Второй после «Тайны Темир-Тепе» громко прозвучавшей книгой Колесникова
Почти все произведения Колесникова – это, по сути, одна книга о Ли Си Цыне на Корейской войне, но обычный читатель даже не знал, что наши там воевали. Тексты Колесникова – шифры, которые читатель просто не мог разгадать. В этом смысле куда прозрачнее были тексты диссидентов с очевидными фигами в кармане. А здесь Лисецкому дают Героя – и вот всё, что может сказать автор: «Трудное задание надо выполнить с честью, чтобы получить это звание в мирное время!» Или вот, здесь Колесников говорит уже о себе: «Испытал понемногу от всего, что, наверное, положено испытать лётчику моего поколения. Познал бой и ряд острых моментов уже в мирное время». А как это – «бой в мирное время»?
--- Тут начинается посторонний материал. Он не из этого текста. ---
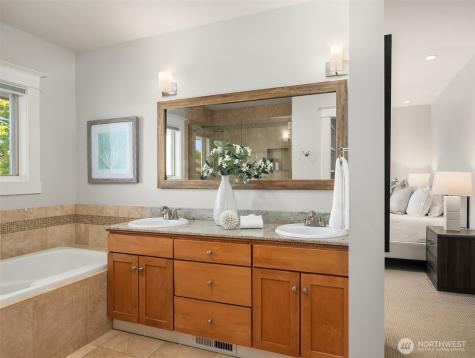 216 30th Avenue S Seattle WA 98144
Пусть Колесников – писатель не первого ряда, но всё-таки он мог прозвучать сильнее, если бы не пресловутая секретность. Если бы мы знали, что, допустим, его «Долина мигов» – книга о наших соотечественниках в Корее, а не о какой-то войне хороших азиатов против плохих не то американцев, не то европейцев. В изображённых писателем бомбардировщиках Д-39 понимающий человек без труда узнает В-29. В истребителях «Зет-88» зашифрованы «сейбры»: похожи на «миги», но у хвоста другой угол и крылья не отогнуты вниз… Знающий поймёт, но таких знающих – исчезающее меньшинство. Северный Рикон, Южный Рикон – это Север и Юг Кореи. Русские возникают где-то на периферии, за кадром, два пишем, три в уме; скажем, какой-нибудь азиатский лётчик вдруг обронит: «Тех, кто дал “миги”, помните». Модель «мигов» при этом не уточняется: если сказать, что речь именно о «пятнадцатых», получится слишком прозрачный намёк на Корею. Или вот: из радиоприёмника Марк Бернес поёт песню «Воспоминание об эскадрилье “Нормандия – Неман”». Известно, что 18-й гвардейский истребительный авиаполк «Нормандия – Неман» в 1950 году был переброшен из-под Москвы в Приморье, в 1951–1952 годах принимал участие в Корейской войне. Не на это ли намекает Колесников? Он рассыпает по тексту детали-подсказки. Вот лётчица Лана переучивается с Ла-9 на «миг» – чёткое указание на Корейскую войну: на начальном её этапе действительно применялись поршневые истребители, быстро выбитые пилотами ООН. Или вот: война зашла в тупик, «мадам А» – атомная бомба – Запад не спасёт, «ибо есть она и у русских». Это опять же чёткое указание на время – рубеж 1940-х и 1950-х. «Если по протяжённости фронта и охвату территорий эта война была маленькой, то по насыщенности людскими массами, оружием, качеству этого оружия она не уступала большим войнам… В воздухе это была война реактивных самолётов…» – пишет Колесников, и специалист с ходу определит: это – о Корее. Но имена пилотам «мигов» Колесников даёт не китайские или корейские, а скорее вьетнамские или индусские: Бангу Чар, Раби Синг – снова маскировка, снова камуфляж. Река Ялу в «Долине мигов» названа Лу. Зато в деталях автор точен – личный опыт не спрячешь и не подделаешь. Пороховая копоть, прихватившая «миг» от носа до хвоста после стрельбы из трёх его пушек, пластмассовая бомба с насекомыми – биологическое оружие доктора Сиро Исии, домики, сооружённые из самолётных ящиков… Последствия применения напалма: «Джонни прошёл через пепелище и не нашёл не только следов жизни, но и следов смерти».